I came across a range of views on coaching, but I didn’t come across any elite coaches who felt they didn’t want to start with a population that was somewhat pre screened.
Some elite coaches would tout the 10,000 hours rule. So I asked them, if you believe that, you should just take the first 100 people who walk in the door and train them to be high performers. But none were willing to do that. All of them are using some type of prescreening system.
The best recent example of this was Great Britain, which increased its home team medal haul [at the last] Olympics with the Sporting Giants program. When it was awarded the Olympics, Sporting Giants officials went to schools to measure students, and used the height and limb lengths to predict which skills they would excel in. That’s how they found Helen Glover, who never rowed, and she became [the country’s] first Olympic gold medalist. So when the rubber hits the road, coaches know that they want their athletes prescreened.
Does that mean that China may have the ideal sports program – they pre-screen young children for certain sports, then train them in intensive programs.
It’s an ideal system if you have a massive population. They tend to be focused on certain skill sports. Yao Ming is the product of multiple generations of tall people. I’ve also seen videos of [how] Chinese divers are screened – rows of kids put their arms over their heads, and if their elbow joints aren’t above the top of their heads, they are sifted out. The thinking is that if the joints aren’t above the head, they would make too wide an imprint when they hit the water, and make too big a splash. So that’s it – you would be out.
In terms of increasing the medal haul, it’s a great system. It’s also what you see in Jamaica. Every kid is made to sprint, and they keep the ones who have the ability to win in the pros. If a country puts a huge number of people in the funnel, in terms of winning medals, I think it’s ideal. In terms of personal development in a sport, I don’t think it’s always ideal.
So if some athletes start out with genetic advantages, and are more trainable than others, where is the line between natural ability and ability that has been enhanced?
That’s such a tricky question. We’ve already shown how little sports governing bodies have thought about it, with the case of Caster Semenya, [the female South African runner whose gender was questioned when she tested with high testosterone levels], and cases in the past of female athletes with a natural condition in which they have elevation of testosterone or other traits that people consider more typical of males. It’s not their fault that biology doesn’t break down as cleanly as [sports governing bodies] would like.

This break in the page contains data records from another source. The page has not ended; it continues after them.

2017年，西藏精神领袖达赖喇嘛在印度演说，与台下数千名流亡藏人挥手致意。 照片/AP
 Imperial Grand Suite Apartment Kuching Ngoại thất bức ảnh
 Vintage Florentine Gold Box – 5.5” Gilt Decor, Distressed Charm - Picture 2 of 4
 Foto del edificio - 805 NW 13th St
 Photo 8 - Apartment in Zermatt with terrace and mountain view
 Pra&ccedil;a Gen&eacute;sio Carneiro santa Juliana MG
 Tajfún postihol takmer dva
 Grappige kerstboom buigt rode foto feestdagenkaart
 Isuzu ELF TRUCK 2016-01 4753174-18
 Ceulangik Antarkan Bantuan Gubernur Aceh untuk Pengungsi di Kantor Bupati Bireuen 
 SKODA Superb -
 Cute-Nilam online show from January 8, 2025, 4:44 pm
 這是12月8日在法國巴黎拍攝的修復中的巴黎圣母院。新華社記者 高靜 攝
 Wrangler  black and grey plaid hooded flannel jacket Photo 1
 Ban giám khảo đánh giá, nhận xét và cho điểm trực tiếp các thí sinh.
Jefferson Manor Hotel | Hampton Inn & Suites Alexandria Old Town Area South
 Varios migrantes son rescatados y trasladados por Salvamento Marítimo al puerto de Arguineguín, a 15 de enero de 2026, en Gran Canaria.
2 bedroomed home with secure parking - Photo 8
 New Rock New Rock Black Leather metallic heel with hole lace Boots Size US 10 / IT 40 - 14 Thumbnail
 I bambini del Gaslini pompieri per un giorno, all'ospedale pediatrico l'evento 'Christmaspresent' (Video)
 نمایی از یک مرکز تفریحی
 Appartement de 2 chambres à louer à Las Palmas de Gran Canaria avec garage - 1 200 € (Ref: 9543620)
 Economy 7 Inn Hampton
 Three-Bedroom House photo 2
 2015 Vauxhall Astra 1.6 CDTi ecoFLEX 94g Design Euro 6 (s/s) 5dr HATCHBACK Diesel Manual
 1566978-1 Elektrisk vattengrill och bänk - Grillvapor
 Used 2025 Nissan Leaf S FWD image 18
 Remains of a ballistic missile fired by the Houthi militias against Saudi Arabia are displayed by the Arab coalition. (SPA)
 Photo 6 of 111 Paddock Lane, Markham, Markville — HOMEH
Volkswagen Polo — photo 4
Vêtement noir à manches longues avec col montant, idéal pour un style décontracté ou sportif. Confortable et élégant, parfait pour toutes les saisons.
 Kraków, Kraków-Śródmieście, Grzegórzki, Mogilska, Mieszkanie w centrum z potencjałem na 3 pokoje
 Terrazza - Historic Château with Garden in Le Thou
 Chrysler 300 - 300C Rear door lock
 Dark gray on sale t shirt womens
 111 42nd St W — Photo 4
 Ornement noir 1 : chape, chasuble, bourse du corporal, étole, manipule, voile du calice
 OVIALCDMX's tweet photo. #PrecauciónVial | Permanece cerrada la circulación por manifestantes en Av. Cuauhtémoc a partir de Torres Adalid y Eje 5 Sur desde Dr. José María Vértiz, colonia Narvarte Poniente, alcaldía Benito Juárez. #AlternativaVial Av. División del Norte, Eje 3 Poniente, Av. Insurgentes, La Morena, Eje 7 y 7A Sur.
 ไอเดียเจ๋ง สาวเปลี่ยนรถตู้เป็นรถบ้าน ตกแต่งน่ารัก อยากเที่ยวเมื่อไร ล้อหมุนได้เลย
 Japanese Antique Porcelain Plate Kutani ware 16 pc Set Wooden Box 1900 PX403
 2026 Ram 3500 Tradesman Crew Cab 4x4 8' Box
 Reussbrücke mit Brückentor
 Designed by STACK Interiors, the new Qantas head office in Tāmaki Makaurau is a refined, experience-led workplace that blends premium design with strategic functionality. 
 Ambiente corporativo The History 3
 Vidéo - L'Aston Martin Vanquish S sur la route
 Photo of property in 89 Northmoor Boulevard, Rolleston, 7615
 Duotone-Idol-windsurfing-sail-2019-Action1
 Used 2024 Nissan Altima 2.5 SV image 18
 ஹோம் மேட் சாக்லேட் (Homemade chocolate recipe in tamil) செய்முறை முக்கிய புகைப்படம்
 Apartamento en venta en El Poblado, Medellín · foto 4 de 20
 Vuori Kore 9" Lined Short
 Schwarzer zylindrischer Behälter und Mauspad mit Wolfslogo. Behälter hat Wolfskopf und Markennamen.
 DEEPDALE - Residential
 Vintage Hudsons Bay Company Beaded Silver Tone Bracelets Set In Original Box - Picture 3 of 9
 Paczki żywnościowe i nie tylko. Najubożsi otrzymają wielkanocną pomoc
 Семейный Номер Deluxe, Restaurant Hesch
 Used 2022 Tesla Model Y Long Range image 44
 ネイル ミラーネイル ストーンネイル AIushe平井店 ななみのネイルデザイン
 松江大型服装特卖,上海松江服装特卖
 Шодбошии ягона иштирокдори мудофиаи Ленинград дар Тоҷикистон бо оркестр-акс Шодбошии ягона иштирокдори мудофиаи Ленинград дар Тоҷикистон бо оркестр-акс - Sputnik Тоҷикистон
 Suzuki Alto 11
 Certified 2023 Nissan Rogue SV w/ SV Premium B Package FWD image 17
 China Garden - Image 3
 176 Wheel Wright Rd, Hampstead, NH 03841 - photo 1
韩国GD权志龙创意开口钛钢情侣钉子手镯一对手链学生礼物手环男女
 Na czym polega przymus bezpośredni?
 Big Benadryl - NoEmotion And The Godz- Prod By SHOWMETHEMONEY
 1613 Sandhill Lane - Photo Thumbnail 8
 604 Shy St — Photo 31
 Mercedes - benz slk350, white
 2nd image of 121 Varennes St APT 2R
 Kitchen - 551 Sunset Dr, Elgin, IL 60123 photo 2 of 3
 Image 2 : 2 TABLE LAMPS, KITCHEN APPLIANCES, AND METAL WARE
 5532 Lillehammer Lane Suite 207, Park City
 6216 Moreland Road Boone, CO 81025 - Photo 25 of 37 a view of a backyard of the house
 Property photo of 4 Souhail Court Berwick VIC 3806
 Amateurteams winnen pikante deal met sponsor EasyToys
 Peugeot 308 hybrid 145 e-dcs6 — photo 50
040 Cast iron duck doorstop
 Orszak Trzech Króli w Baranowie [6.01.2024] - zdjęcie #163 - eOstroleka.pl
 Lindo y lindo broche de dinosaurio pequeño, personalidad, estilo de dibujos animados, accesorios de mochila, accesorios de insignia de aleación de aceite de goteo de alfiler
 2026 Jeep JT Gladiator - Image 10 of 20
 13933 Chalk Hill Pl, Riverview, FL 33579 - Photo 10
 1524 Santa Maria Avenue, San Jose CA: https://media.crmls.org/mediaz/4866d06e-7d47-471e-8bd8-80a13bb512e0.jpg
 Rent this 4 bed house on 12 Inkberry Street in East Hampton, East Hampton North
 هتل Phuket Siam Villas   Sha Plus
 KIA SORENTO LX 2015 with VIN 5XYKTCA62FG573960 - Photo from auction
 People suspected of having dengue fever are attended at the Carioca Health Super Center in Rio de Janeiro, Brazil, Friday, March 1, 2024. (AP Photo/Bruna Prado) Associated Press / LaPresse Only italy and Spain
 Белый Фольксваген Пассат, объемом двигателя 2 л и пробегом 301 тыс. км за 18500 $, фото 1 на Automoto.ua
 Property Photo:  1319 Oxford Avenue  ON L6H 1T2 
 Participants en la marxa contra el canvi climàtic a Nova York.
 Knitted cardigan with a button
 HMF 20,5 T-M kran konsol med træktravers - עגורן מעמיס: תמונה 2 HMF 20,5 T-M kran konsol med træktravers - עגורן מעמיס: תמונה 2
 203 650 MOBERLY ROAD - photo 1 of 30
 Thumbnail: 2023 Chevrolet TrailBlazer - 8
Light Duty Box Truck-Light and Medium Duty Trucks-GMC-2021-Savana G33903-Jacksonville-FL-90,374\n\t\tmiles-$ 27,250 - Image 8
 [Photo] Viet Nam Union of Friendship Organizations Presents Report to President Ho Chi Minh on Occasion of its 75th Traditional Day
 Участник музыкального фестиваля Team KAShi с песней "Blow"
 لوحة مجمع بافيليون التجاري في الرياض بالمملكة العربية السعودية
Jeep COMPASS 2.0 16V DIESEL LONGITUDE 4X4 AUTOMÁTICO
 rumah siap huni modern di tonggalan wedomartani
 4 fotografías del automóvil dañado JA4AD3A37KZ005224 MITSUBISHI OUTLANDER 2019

There is clearly some philosophy behind having rules [against performance enhancement] – the idea that if it’s natural, then it’s okay and in the spirit of the sporting endeavor, but if you do something to synthetically enhance performance, it’s not. That speaks to our understanding that sports relies on agreed upon certain core values, and one of those is that you bring to the sport what you came in with, through natural talent and training.